The organization’s new brand will serve as a platform for launching advocacy campaigns that enhance the competitive wireless marketplace. With a broader membership focus, CCA hopes to have a greater impact on wireless policies nationwide – not just in rural areas.
“Over the past several years, the wireless industry has seen increased consolidation and the emergence of a market duopoly. The two largest carriers pursue policies that perpetuate their dominance in the marketplace,” Berry said. “CCA will continue to work with policymakers to ensure competitive policies are adopted, which will benefit consumers, the economy and job growth.”
The CCA membership comprises wireless carriers and associate members, many of whom are involved in wireless infrastructure. For example, American Tower is on the CCA board, and other members include Crown Castle, Clearview Tower Company, CTI Towers and Tower Systems.
Berry said that tower companies and other wireless infrastructure venders and suppliers benefit from a market with multiple healthy carriers that want to build out their networks and provide wireless services. He called on more companies in the infrastructure industry to take up his association’s competitive carrier cause.

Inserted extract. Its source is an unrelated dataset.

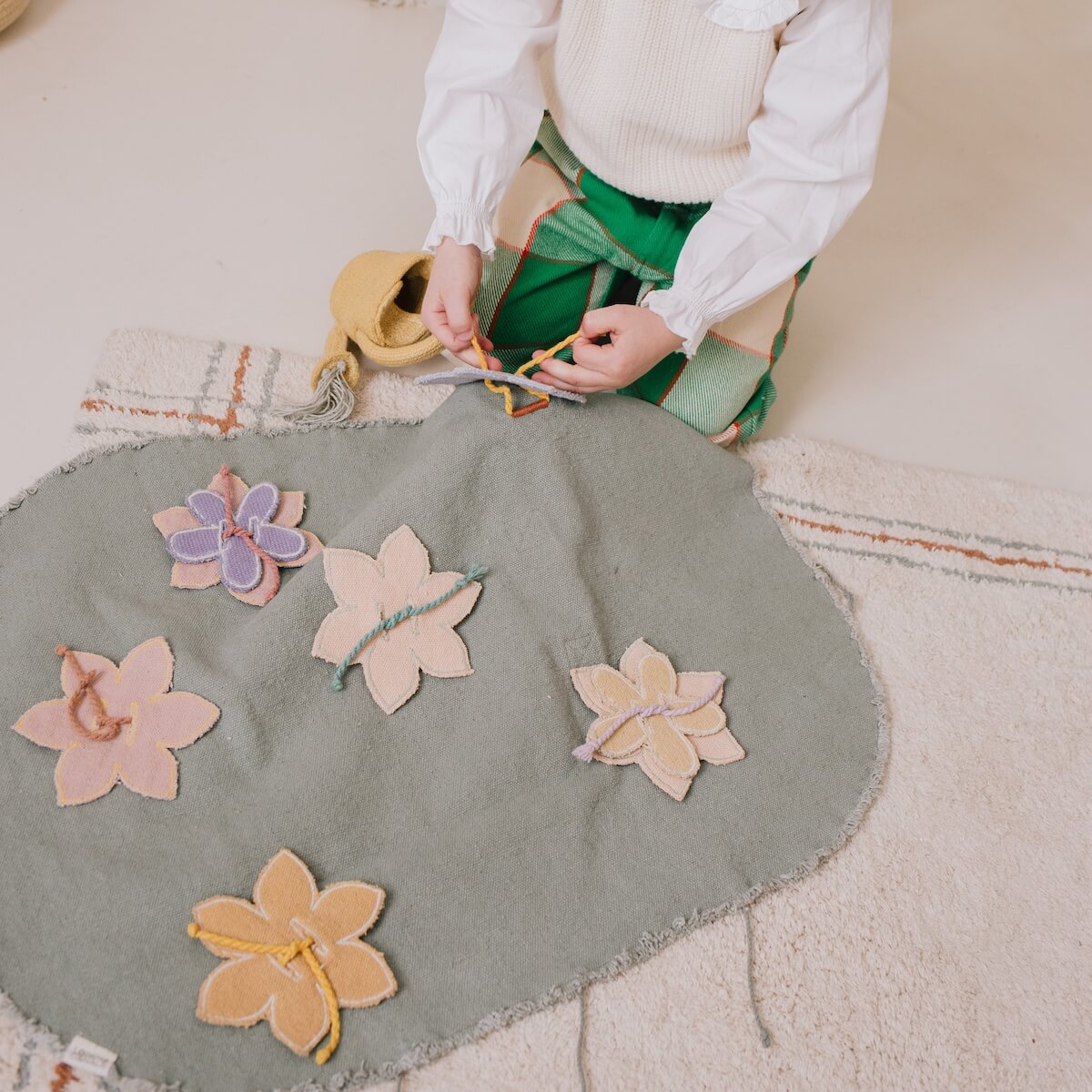 Sensorisches Buch GREEN TOY set Flower Garden Lorena Canals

“If you are a wireless infrastructure provider and you only have two customers to sell to, you may or may not get the sale,” Berry said. “You should damn well be interested in the policies that the competitive carriers think are absolutely necessary for them to continue to survive and thrive.”
CCA’s new tagline is ‘rural, regional, nationwide’ ties in with one its key issues the lack of roaming agreements between rural carriers and AT&T and Verizon. Without nationwide roaming agreements, a rural or regional carrier cannot compete with the nationwide carriers.